Shortcuts

Profiling Example

Profiling Composable Distributed Training

Composable distributed training (especially at scale) can make profiling resource utilization both more important and challenging. To address this need, FTS includes a utility that enables quick, flexible orchestration of advanced profiling combining multiple complementary PyTorch profilers.

The MemProfiler is a powerful memory profiling utility that synthesizes numerous complementary profiling methods.
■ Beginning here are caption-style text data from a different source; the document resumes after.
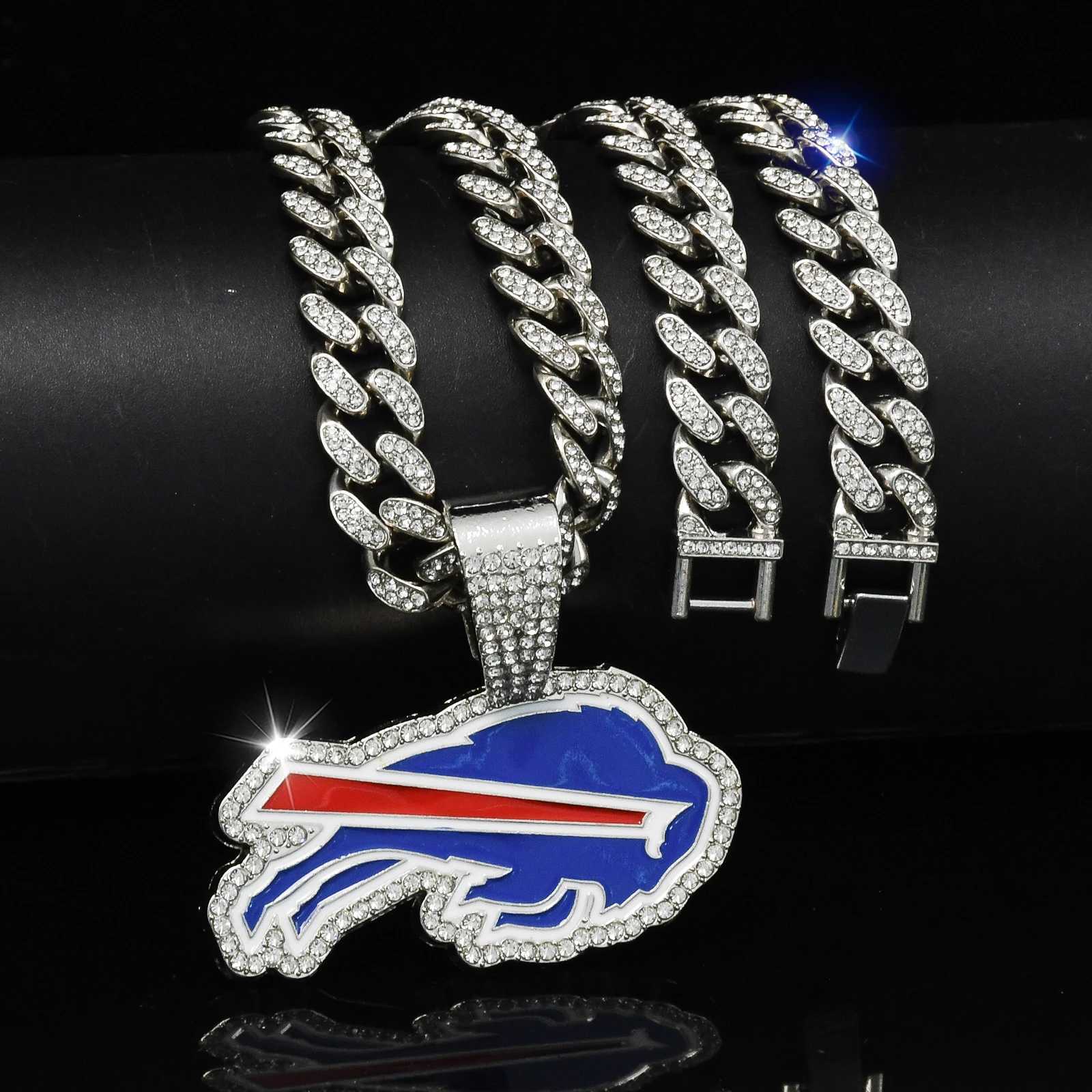 Dark Blue Bls Pendant Icy Cuban Chain Hot Selling Sport Team Necklace for Mens X250224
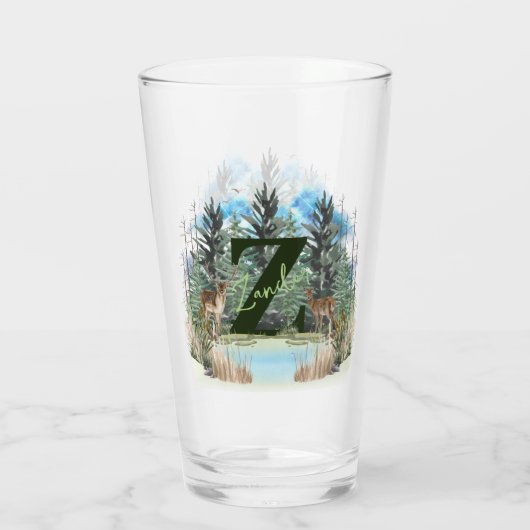 Watercolor Herten Gepersonaliseerde Monogram Lette Glas (Achterkant)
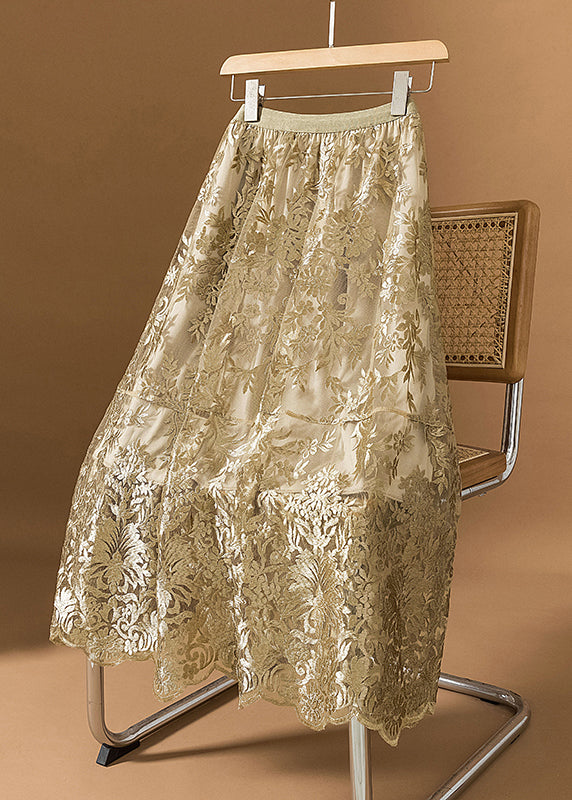 French Champagne Embroidered Lace A Line Skirts Fall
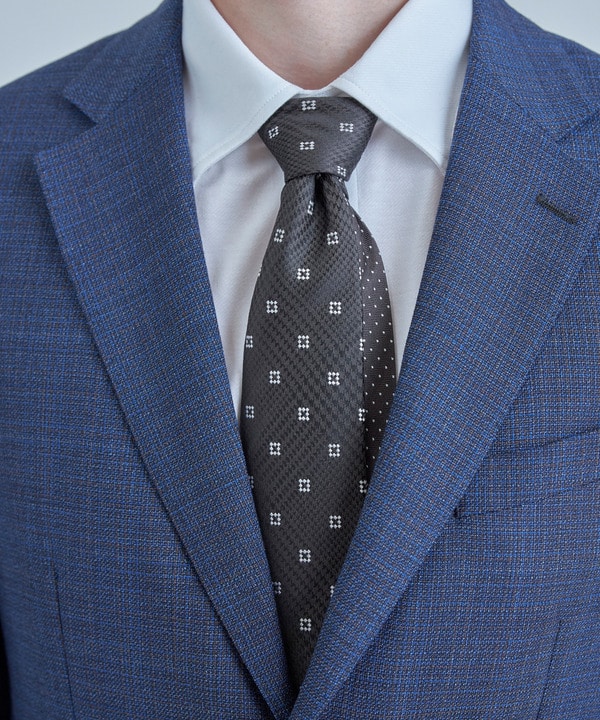 小紋グレンチェックxドット柄シルクネクタイ 詳細画像 7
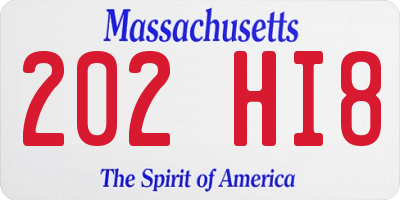 MA license plate 202HI8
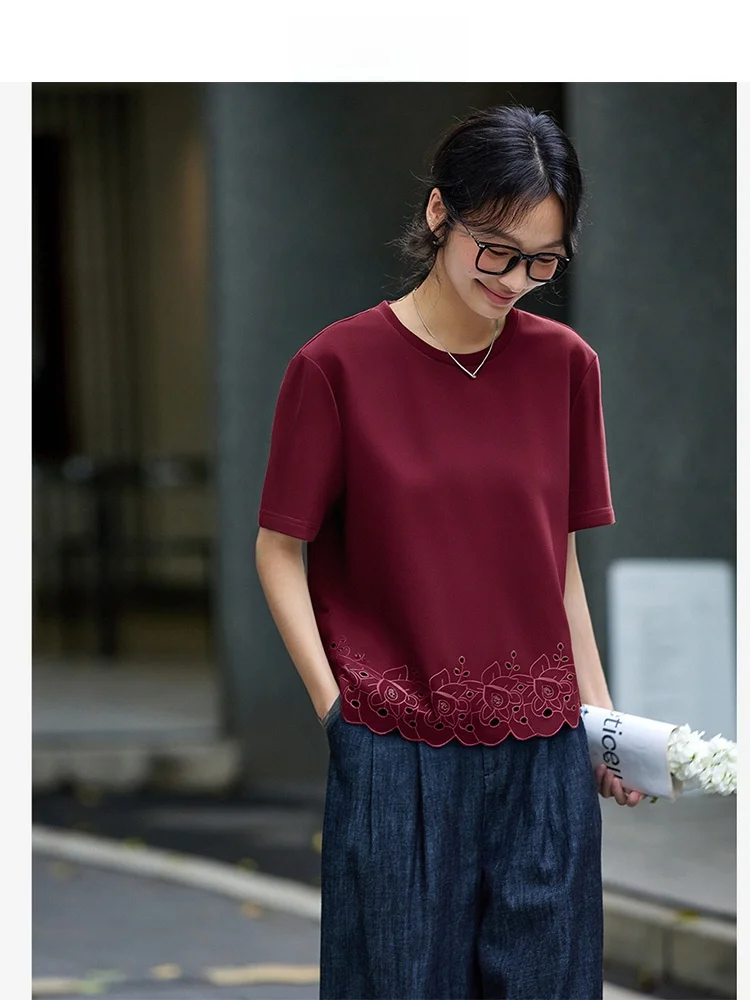 

Vimly Faion ort Sve Embroidered Hollow out Design round Ne T-irt Women's Casual Sle Spring Summer New Arrival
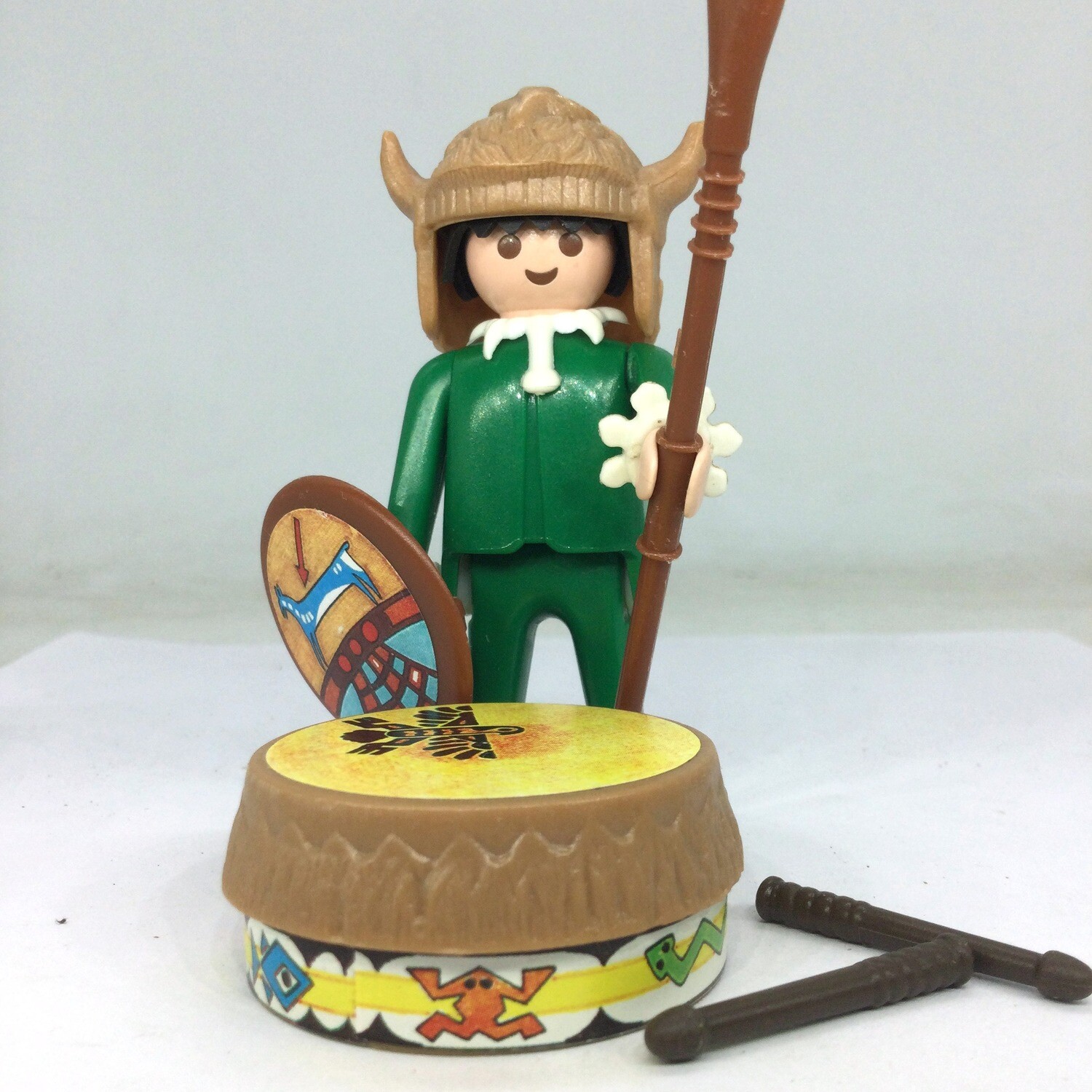 Figurine Playmobil Western - Chef Indien Avec Vêtements Beige Et Collier Jaune - Occasion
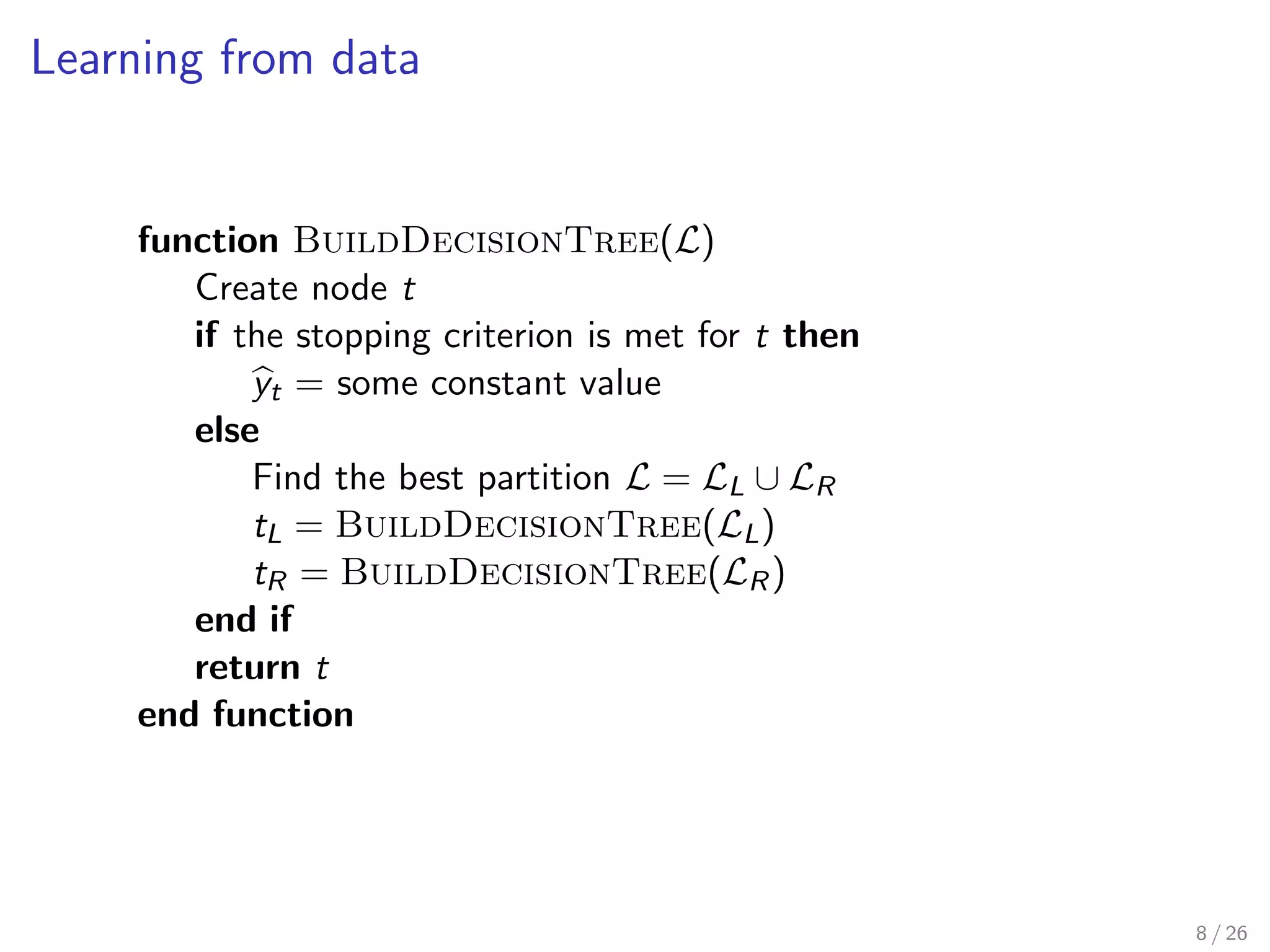 Random Forests 
풙 
휑1 휑푀 
푝휑1 (푌 = 푐|푋 = 풙) 
… 
푝휑푚 (푌 = 푐|푋 = 풙) 
Σ 
푝휓(푌 = 푐|푋 = 풙) 
Ensemble of M randomized decision trees 'm 
 (x) = arg maxc2Y 
1M 
PM 
m=1 p'm(Y = cjX = x) 
7 / 26 
 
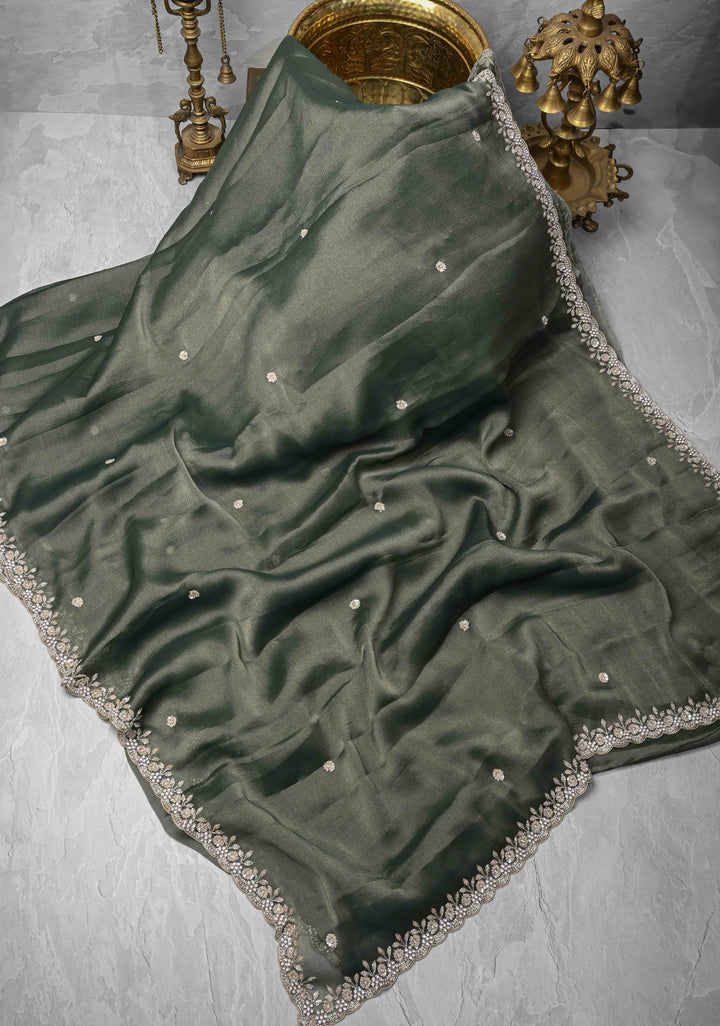 Grayish-Green Shimmer Organza Saree with Sequins, Cutdana Work and Scallop Border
As demonstrated in this example, the following profiling utilities are integrated and simultaneously configured:

The PyTorch Profiler (as well as an extended version), can also be simultaneously configured to provide a remarkably complete view of distributed training resource utilization.

Note

While this example focuses on composable distributed training, MemProfiler can be used with any type of training session.

Profiling Artifacts

This example uses the following simple profiling configuration to enable extensive profiling of the default method (‘training_step’) using a default schedule (warmup 1 iteration, collect for 1 iteration) and produces the profiling artifacts below.

For this model_parallel example, all artifacts should be nested in the tensorboard log dir under fts_examples/ model_parallel / lightning_logs / fts_fsdp_profiling / version_{n}.

  1. FSDP2MemTracker tracking for the collected iteration (per-rank), e.g.: ./memprofiler/fsdp_mem_rank_0_training_step_2.log

  2. Consolidated memory snapshot collection entries, dumped to .yaml by default (can also be dumped to *.pickle if preferred).

    • Snapshot entries are provided for each profiled method, ‘start’ and ‘end’ of each iteration for each of the enabled memory tracking types.

    • By default, keys associated with ‘cuda’, ‘cpu’ (host-memory), and custom memory hooks are included.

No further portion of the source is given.